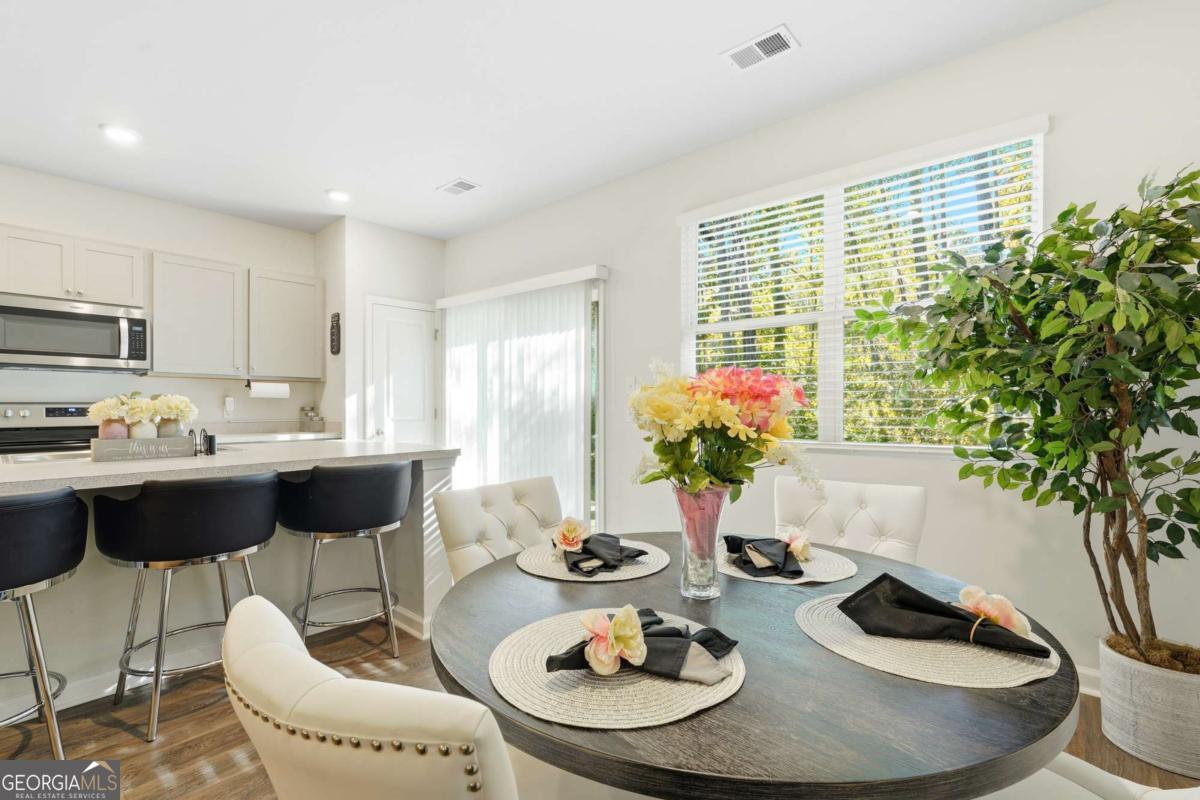 43 Villas Of Garrard Drive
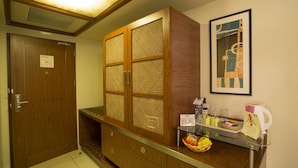A reception area with a wooden cabinet, a glass counter, and a framed artwork on the wall. - The HQ (Vasco da Gama)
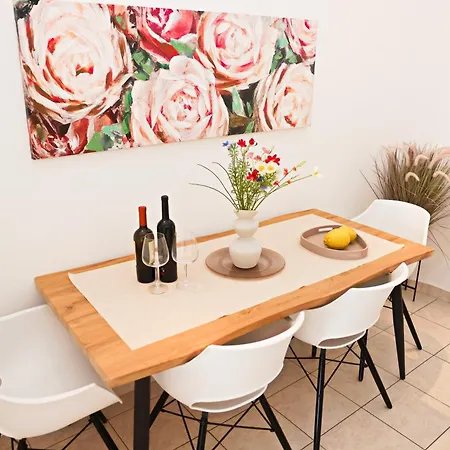 Apartamento Tri Ferala - Pakoštane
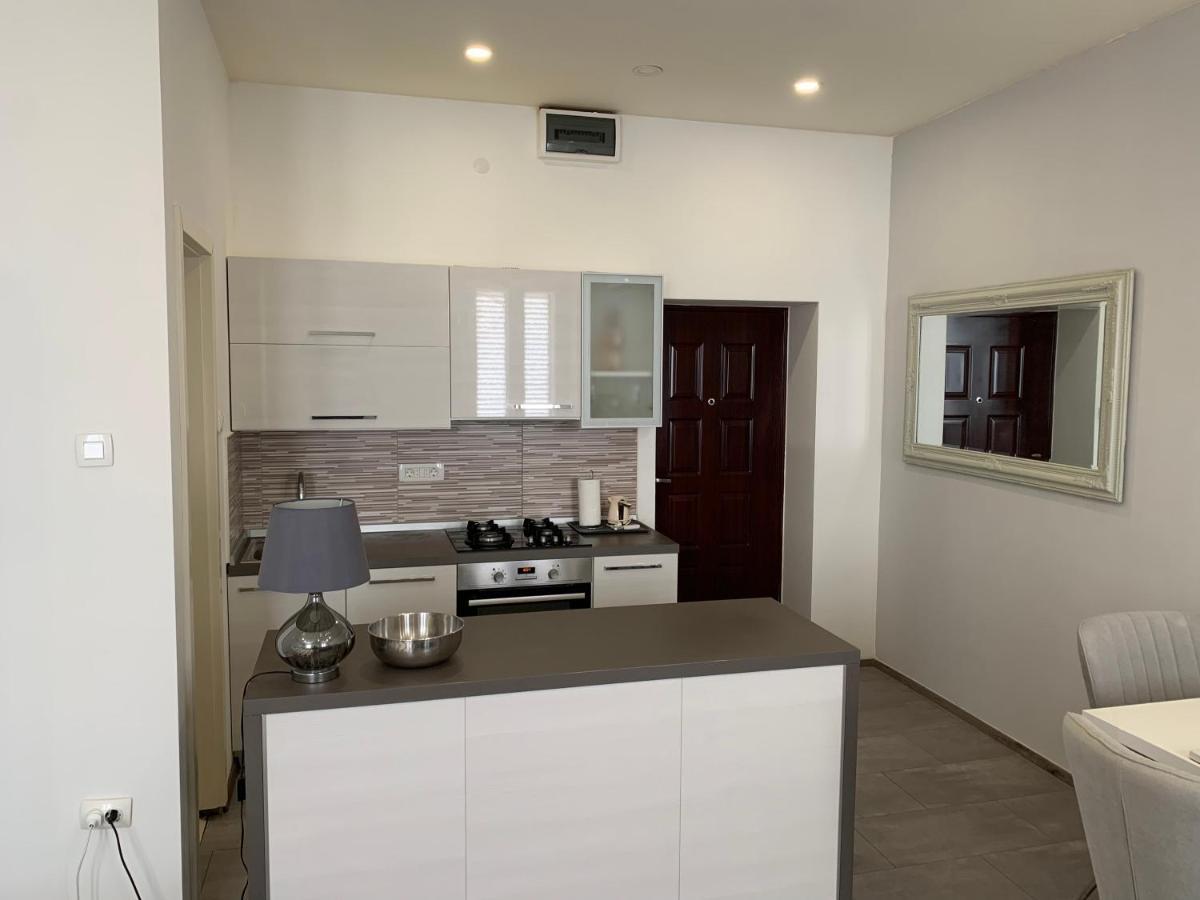 Zara City Apartments Apartment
_____
Write out again, word for word, only the lines from the one with "A reception area" through the last line of the material, and omit each picture.

A reception area with a wooden cabinet, a glass counter, and a framed artwork on the wall. - The HQ (Vasco da Gama)
 Apartamento Tri Ferala - Pakoštane
 Zara City Apartments Apartment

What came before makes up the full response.